Self-Seeding Of Oligo(P-Phenylenevinylene)-B-Poly(2-Vinylpyridine) Micelles: Effect Of Metal Ions

Self-seeding is a useful protocol for generating elongated fiberlike block copolymer micelles of uniform length starting with micelle fragments obtained by sonication of long polydisperse micelles. In this process, the suspension of micelle fragments is heated in the selective solvent to temperatures where nearly all the fragments dissolve. The surviving fragments serve as seed nuclei for micelle growth when the solution is cooled. While there is evidence that the nature and length of the corona polymer plays a role in determining the characteristic dissolution temperature (T-c) of the micelle fragments and other aspects of the self-seeding process, our understanding of these effects are limited.
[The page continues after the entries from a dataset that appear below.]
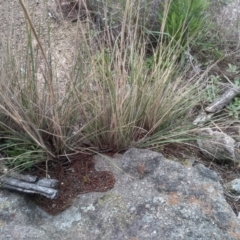 Austrostipa densiflora at Cooma, NSW - 5 Sep 2022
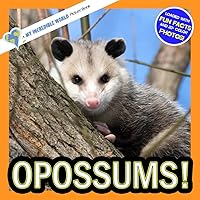 Opossums!: A My Incredible World Picture Book for Children (My Incredible World: Nature and Animal Picture Books for Children) Opossums!: A My Incredible World Picture Book for Children (My Incredible World: Nature and Animal Picture Books for Children) Paperback Kindle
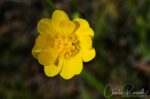 Ranunculus californicus California buttercup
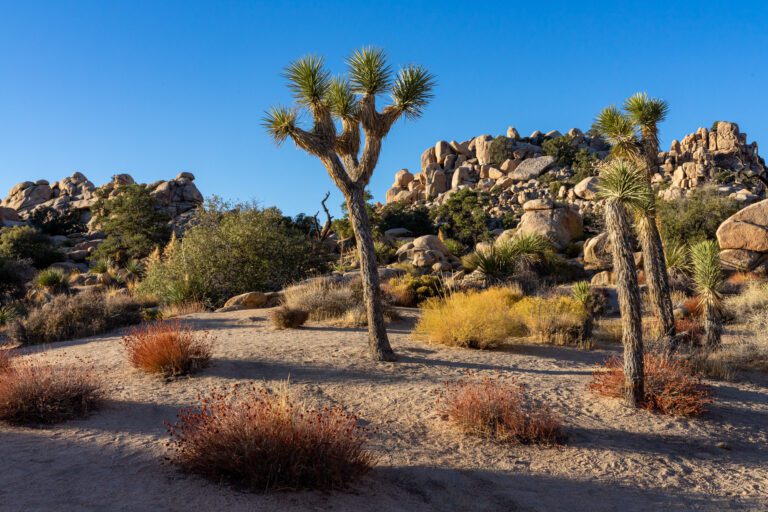 The Best Hikes In Joshua Tree National Park: Complete Guide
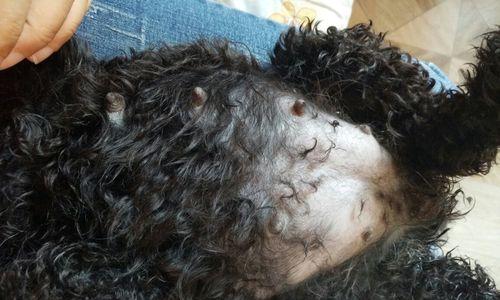 泰迪犬怀孕初期迹象详解,饲主如何识别与应对 泰迪犬怀孕初期迹象详解,饲主如何识别与应对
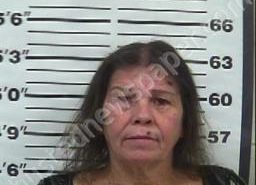 KAREN VANDOLAH | 2022-04-19 16:01:00 Gibson County, Tennessee Booking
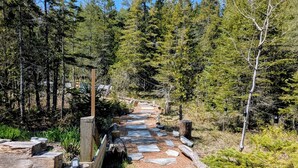 A stone pathway leading through a forested area with wooden posts and benches.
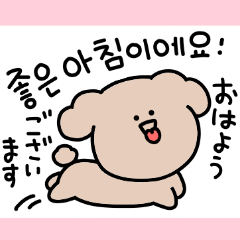 Surreal Toy Poodle Korean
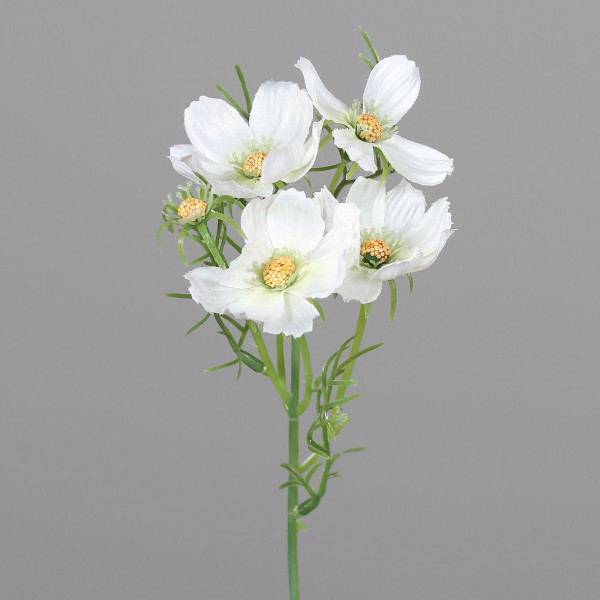 Kunstblume COSMEA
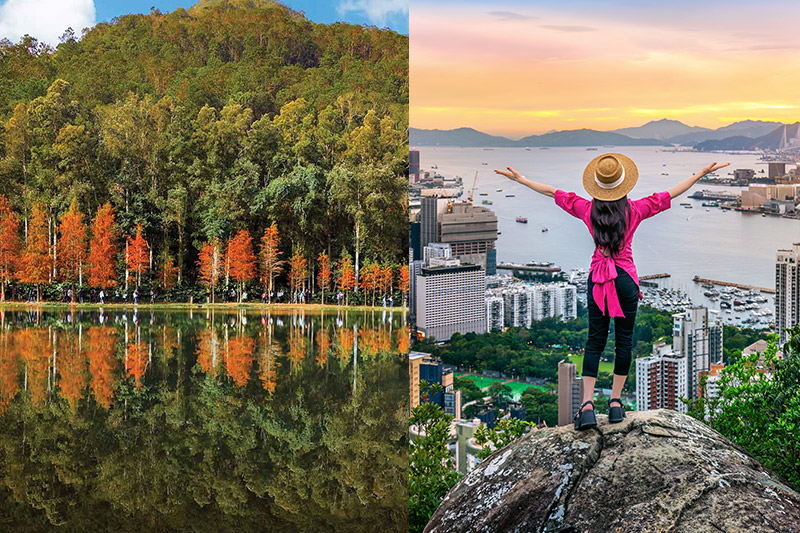 香港新手行山好去處2026｜親子散步路線推介 附行山路線+交通方法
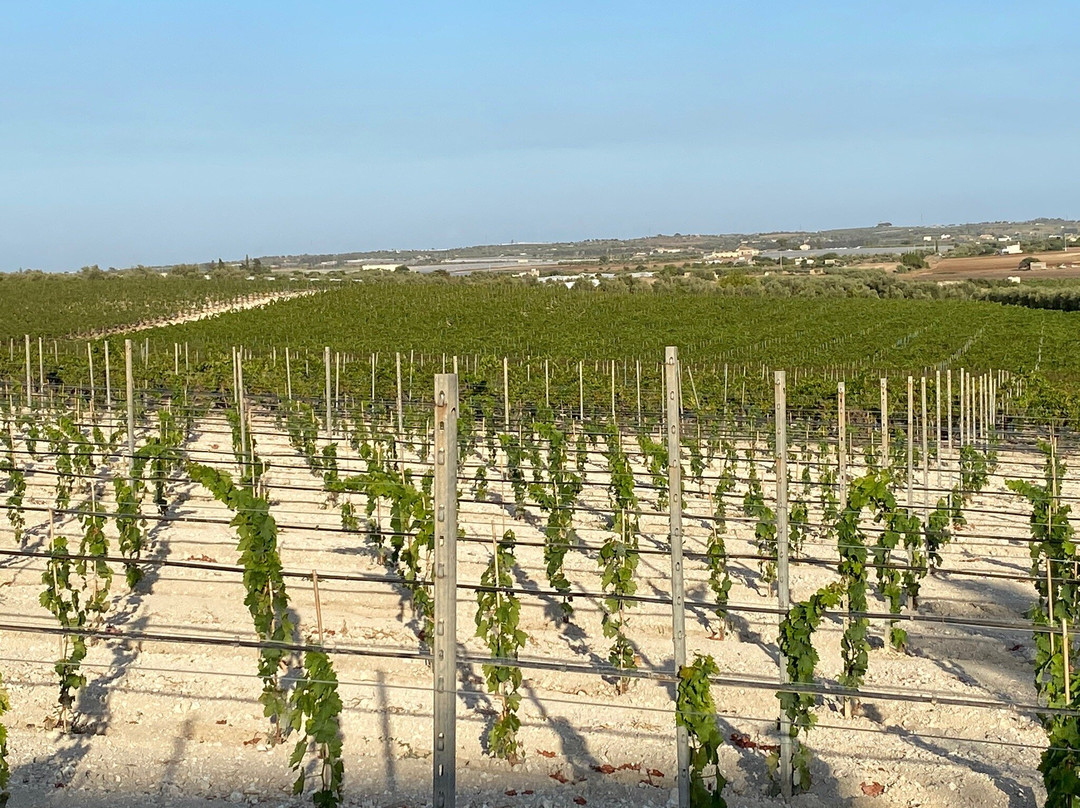 Terre di Noto - Vigneti e Cantine景点图片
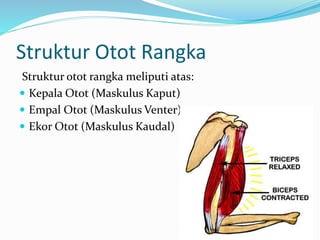 Struktur Otot Rangka
Struktur otot rangka meliputi atas:
 Kepala Otot (Maskulus Kaput)
 Empal Otot (Maskulus Venter)
 Ekor Otot (Maskulus Kaudal)
 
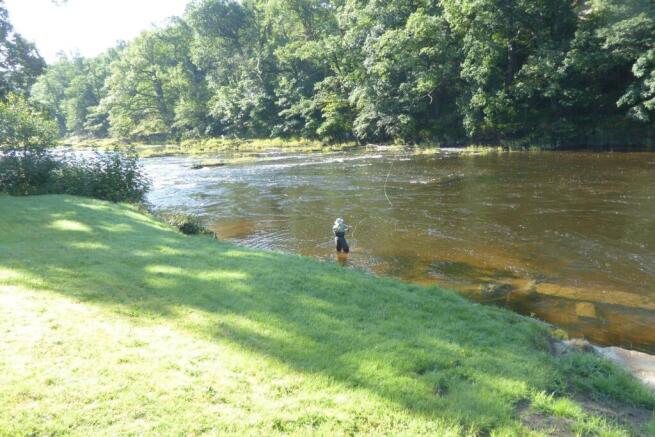 Nyth Fishing Cafn Pool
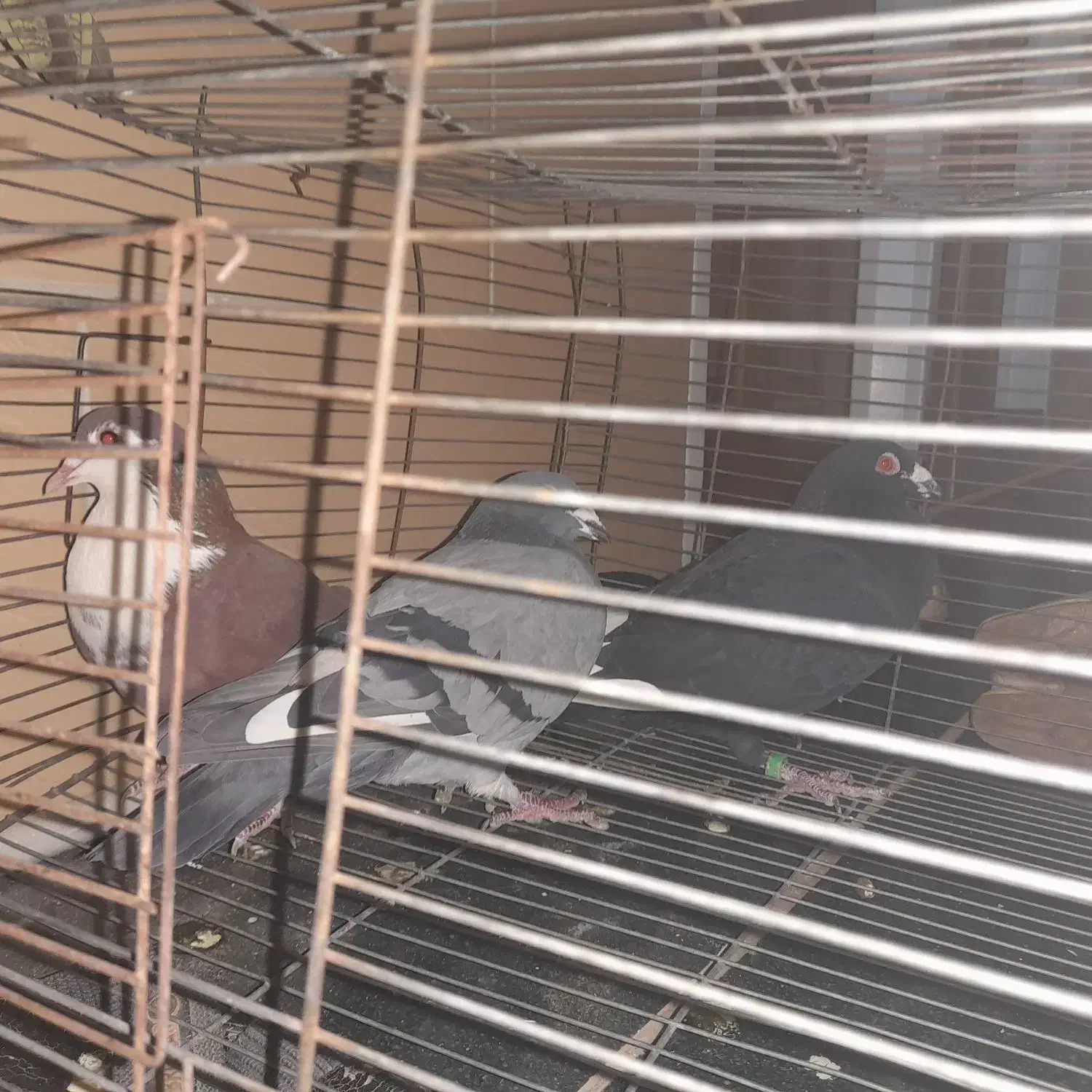 کبوتر پرید شده زمانتی|حیوانات|رفسنجان, |دیوار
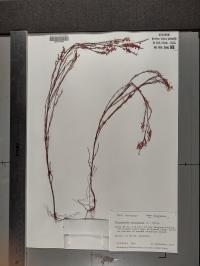 Polygonum articulatum image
Here, we examine self-seeding of fiberlike micelle fragments in ethanol of an oligo(p-phenylenevinylene)-b-poly(2-vinylpyridine) (OPV5-b-P2VP(42), the subscripts denote degrees of polymerization) block copolymer in which we introduced different amounts of divalent metal ions (Cu2+, Zn2+ Mn2+, and Cd2+) to promote complexation without affecting the packing of the micellar core. We found that the resistance of seed micelles of OPV5-b-P2VP(42) toward dissolution increased significantly as the percentage of metal ions to pyridyls was increased from 0 to about 5% and then showed a more gradual increase as the metal ion content was increased to 20%. These phenomena can be interpreted in terms of the formation of noncovalent cross-linking within the P2VP layer. Metal complexation should lead to contraction of the dimension of the corona chains, decreasing corona chain repulsion and the tension exerted on the core by the stretched P2VP chains in the metal-free micelles. Cross-linking would also require additional energy to break interchain coordinating bonds between pyridyls and metal ions for both the detachment of unimers from micelles and fragmentation of micelles. Metal ion complexation also reduces the mobility of P2VP chains. This effect appears to slow the addition rate of the free unimer to the surviving seed micelles in the cooling/aging step in the self-seeding process.